• _Work to complete_: Make an exact copy of the lines from the one holding "Schutz gegen Kratzer" through the end of the entries below, both ends kept, and of nothing else. Exclude pictures.

Scraped caption text data:
________________________________________

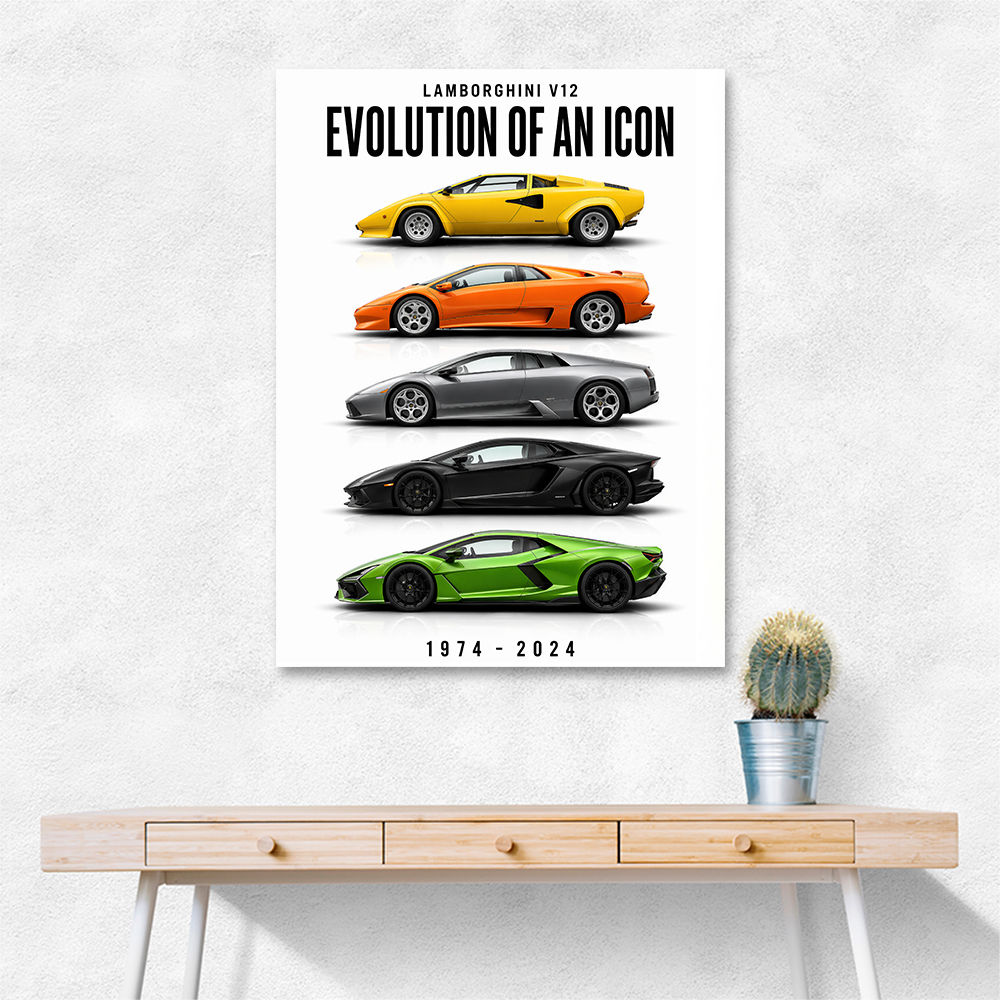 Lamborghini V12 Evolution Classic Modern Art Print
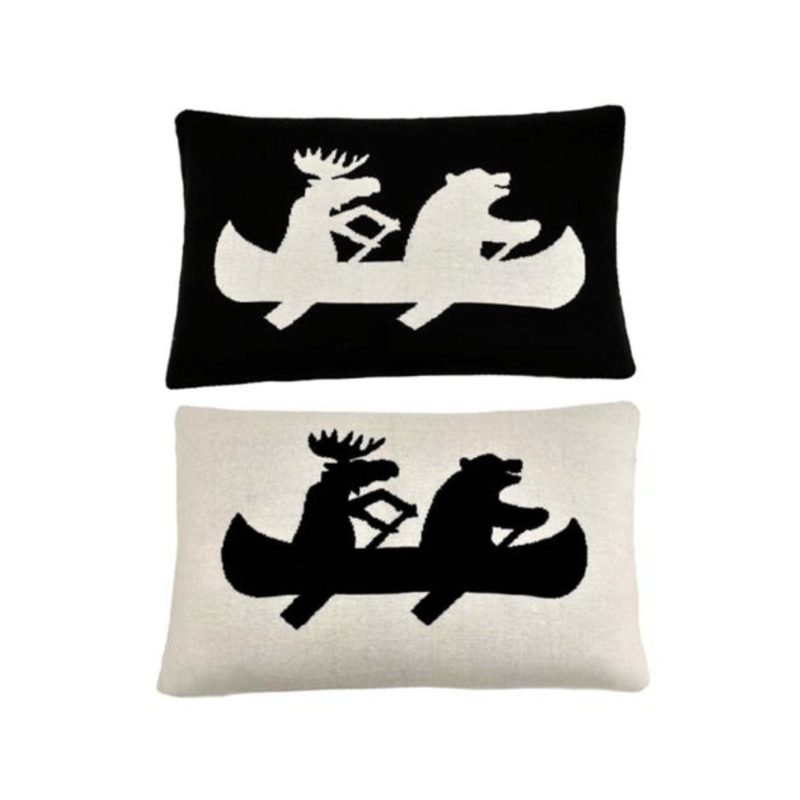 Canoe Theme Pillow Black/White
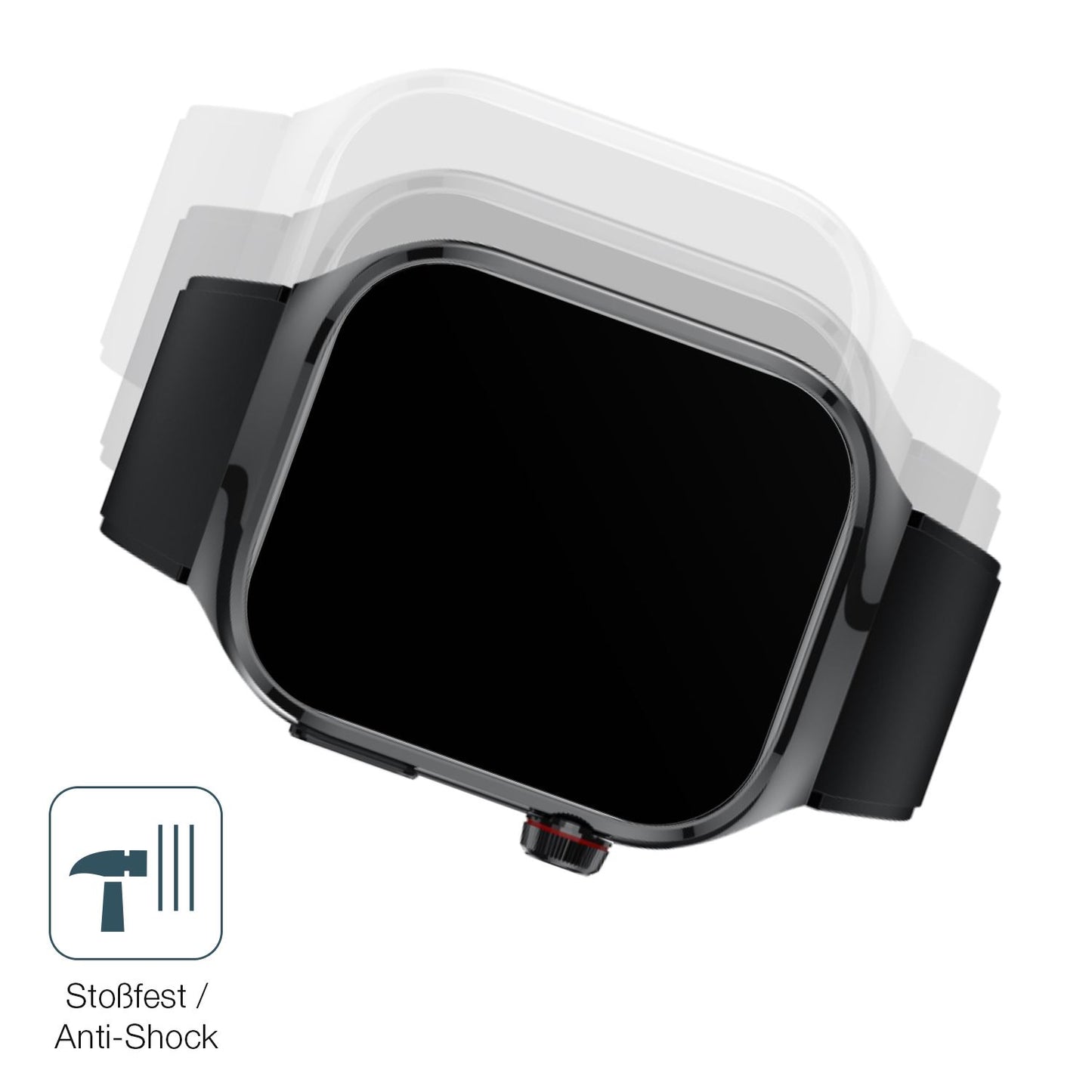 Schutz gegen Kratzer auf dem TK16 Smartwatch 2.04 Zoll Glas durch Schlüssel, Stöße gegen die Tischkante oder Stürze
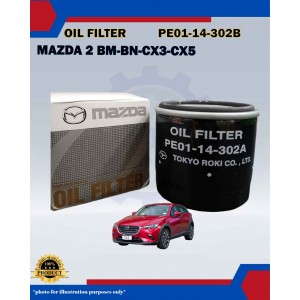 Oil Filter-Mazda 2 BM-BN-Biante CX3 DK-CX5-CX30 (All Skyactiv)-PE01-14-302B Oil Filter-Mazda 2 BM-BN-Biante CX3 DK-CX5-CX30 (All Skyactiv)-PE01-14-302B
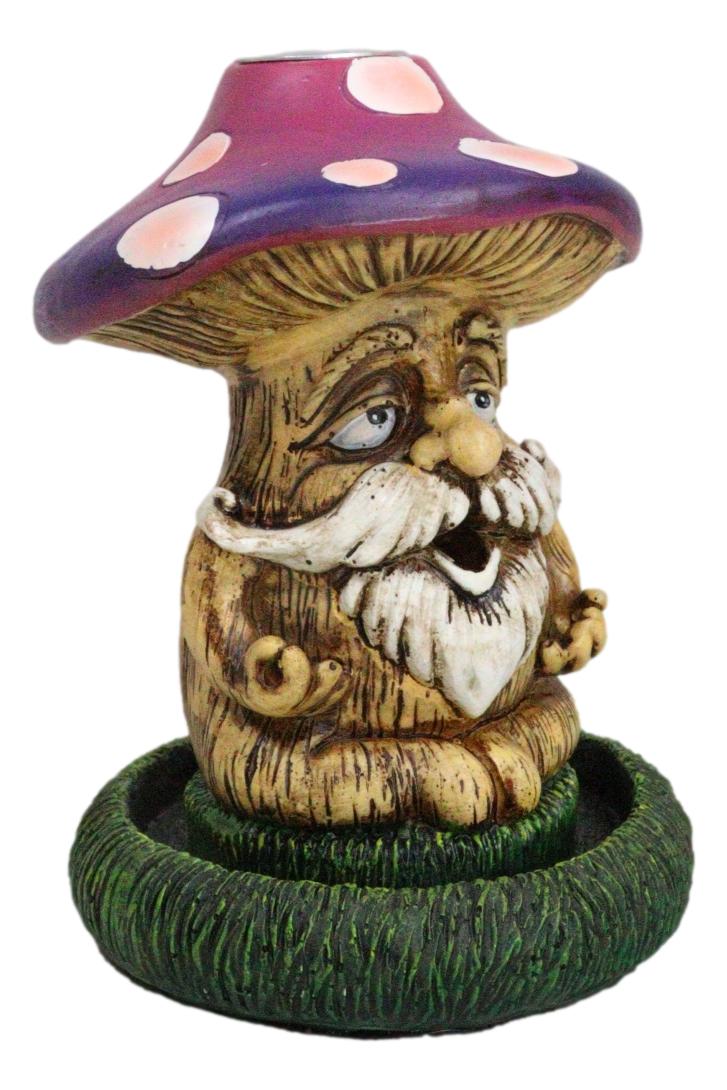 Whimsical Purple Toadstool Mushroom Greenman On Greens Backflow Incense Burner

________________________________________

• _Written solution_:
 Schutz gegen Kratzer auf dem TK16 Smartwatch 2.04 Zoll Glas durch Schlüssel, Stöße gegen die Tischkante oder Stürze
 Oil Filter-Mazda 2 BM-BN-Biante CX3 DK-CX5-CX30 (All Skyactiv)-PE01-14-302B Oil Filter-Mazda 2 BM-BN-Biante CX3 DK-CX5-CX30 (All Skyactiv)-PE01-14-302B
 Whimsical Purple Toadstool Mushroom Greenman On Greens Backflow Incense Burner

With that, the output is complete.